WHAT IS REQUIRED.
The answer must be an exact copy of the lines from the one containing "First, set the" through the last line of the records, with no pictures.

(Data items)
'''

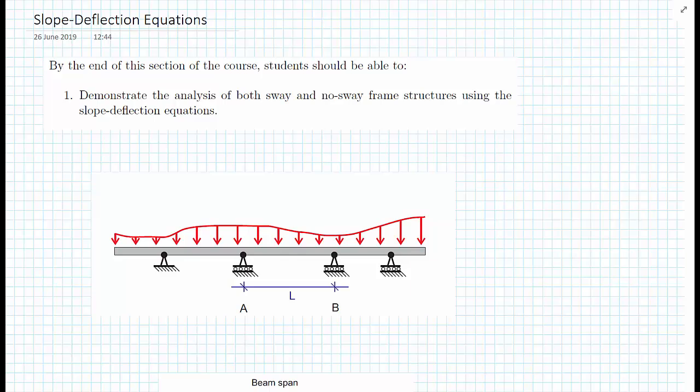In this section of the course, we're going to look at an analysis technique called the slope deflection method, or the slope deflection equations. By the end of the course, we'll be applying this method to frames that are not able to sway — so no-sway frames.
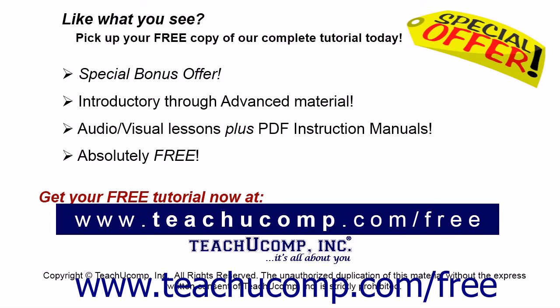Like what you see? Pick up your free copy of the complete tutorial at www.teachucomp.com/free.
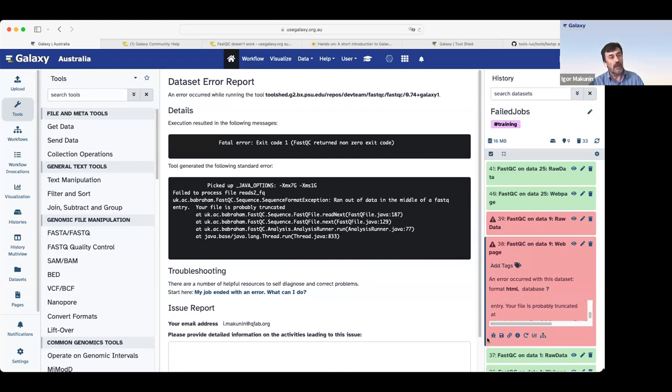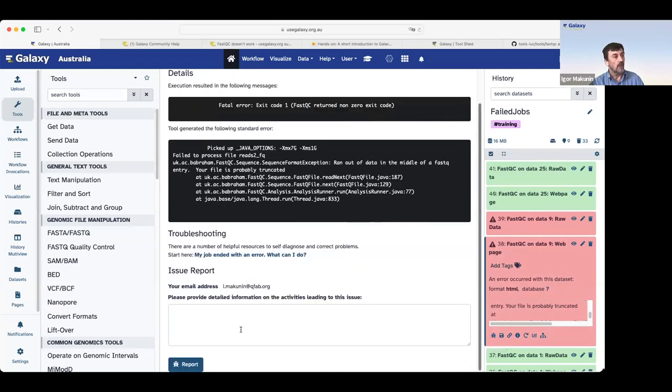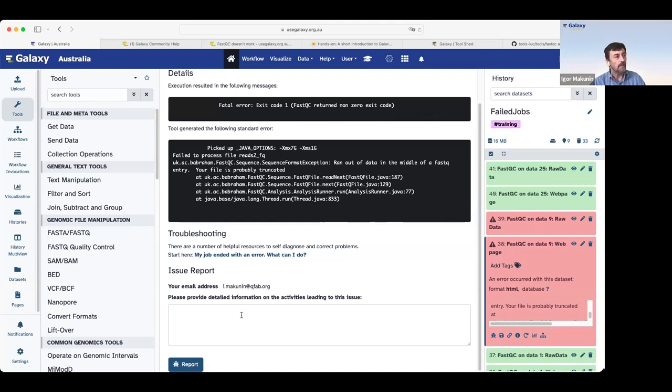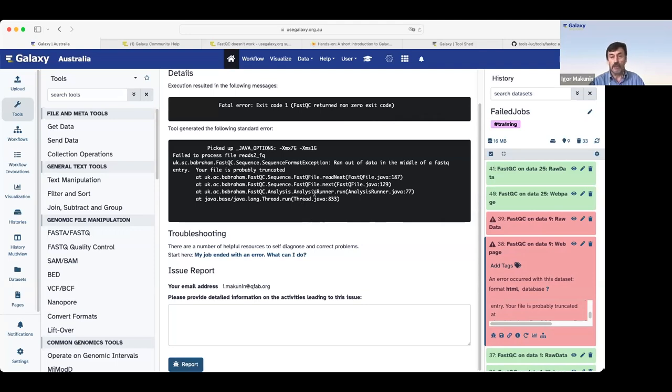If we click on the Galaxy error icon and scroll down, we see a tiny window where the user can write a description of a failed job. For example, I'm doing a training and my job failed here or I do something and hit report. Once I hit report, Galaxy will send a message to a support team. Keep in mind that this message will go to the support team of Galaxy server or Galaxy server you work on.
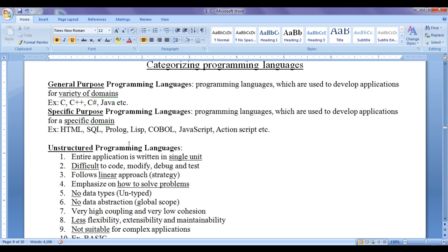SQL stands for Structured Query Language. It is specifically meant to query databases and to create databases. Prolog stands for Programming Logic, and Lisp stands for List Processing. Prolog and Lisp are meant for writing applications for artificial intelligence. COBOL stands for Common Business Oriented Language and is meant to write applications for business.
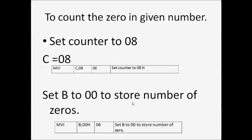First, set the counter to 08 using the instruction MVI C, 08. Again, set another counter register B to 00.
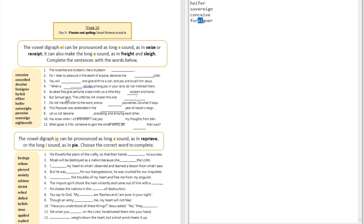Question number five: 'As dead flies give perfume a bad smell, so a little folly ___ wisdom and honor.' The answer is 'outweighs' — you can see that long A sound over here.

'''

RESULT BELOW.
First, set the counter to 08 using the instruction MVI C, 08. Again, set another counter register B to 00.
Question number five: 'As dead flies give perfume a bad smell, so a little folly ___ wisdom and honor.' The answer is 'outweighs' — you can see that long A sound over here.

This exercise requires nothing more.